Although innovations such as video，computers，and the Internet seem to offer schools improved methods for instructing students，these technologies all too often distract from real learning.
Nowadays there is a growing concern about the role that innovations have played in the field of learning. While most people think that innovations benefit learning process in various ways，different opinions arise that these technology advancements actually distract students from real learning. On balance，according to my personal observation，whether innovations can be beneficial or detrimental to real learning depends on the students and the teachers，not on these innovations themselves.
To begin with，technological innovations do help teaching and learning in various ways.With the aid of these technologies，the process of teaching and learning can be shorter and easier than before. For instance，if a student want certain published papers of an academic discipline，he/she may look through considerable catalogs to find the ones he/she needs. However，with the help of Internet innovation，at present most of these papers are published online. Consequently，to find certain paper the procedure is much easier and shorter， the students just type the key words and other information of the paper，and then the system will search the database，and the papers are there waiting for them. As this new approach can save a lot of time for the students，he/she could have more time reading the papers and absorbing the knowledge rather than checking and looking for the papers that could be a waste of his/her time. This example aptly illustrates how technology advancement benefited the students and their learning process.
Secondly，while innovations can help learning in various ways，it is more important that the central role of the pursuit for knowledge and wisdoms are maintained. What real matters is not the approach but the purpose of learning. In India，where modern technologies are less applied to the learning process than in the US and other developed countries，still a lot of distinguished students achieved their academic goal with their hard work and desires to knowledge. In the US，where the software engineering students are given the most advanced facilities and apparatus for their learning and research，however，it is wildly accepted that they are far less outstanding compared to the Indian students of software，who may share computers in groups. From this comparison we can see that the real and core push of learning is the desire for knowledge，not the help of innovations.

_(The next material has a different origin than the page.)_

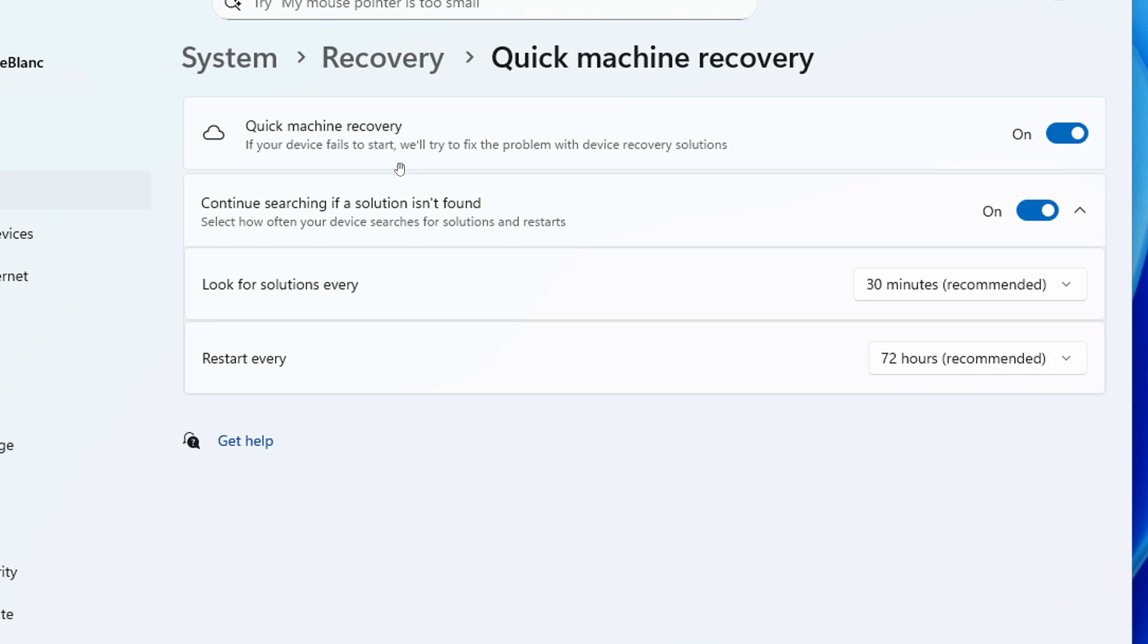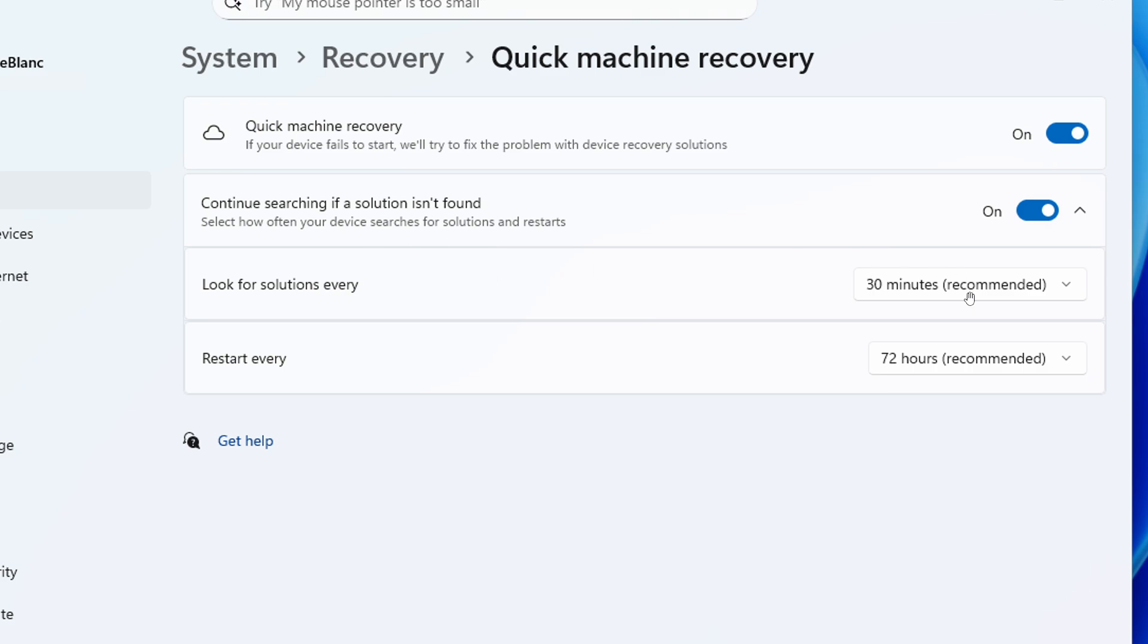And here we can see that some of those would be, if this is toggled on, continue searching if a solution isn't found, select how often your device searches for solutions and restarts. So look for solutions every 30 minutes, recommended, restart every 72 hours. So these are some of the solutions that the device can perform when these two toggles are turned on.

In addition，if not guided properly，the technology advancement might inhibit learning.In other words，innovation can distract the students from real learning than helping them. It is obvious that a computer can help students of science to calculate mathematical equations but can also be used for recreation such as net surfing or computer games. It is highly possible that these students can spend more time and energy on recreations rather than learning when using a computer. Thus，learning is inhibited. Under this circumstance，guidance and restrictions are needed to ensure the right use of innovations for learning，or the consequence may be on the contrary to the students and teachers' desire.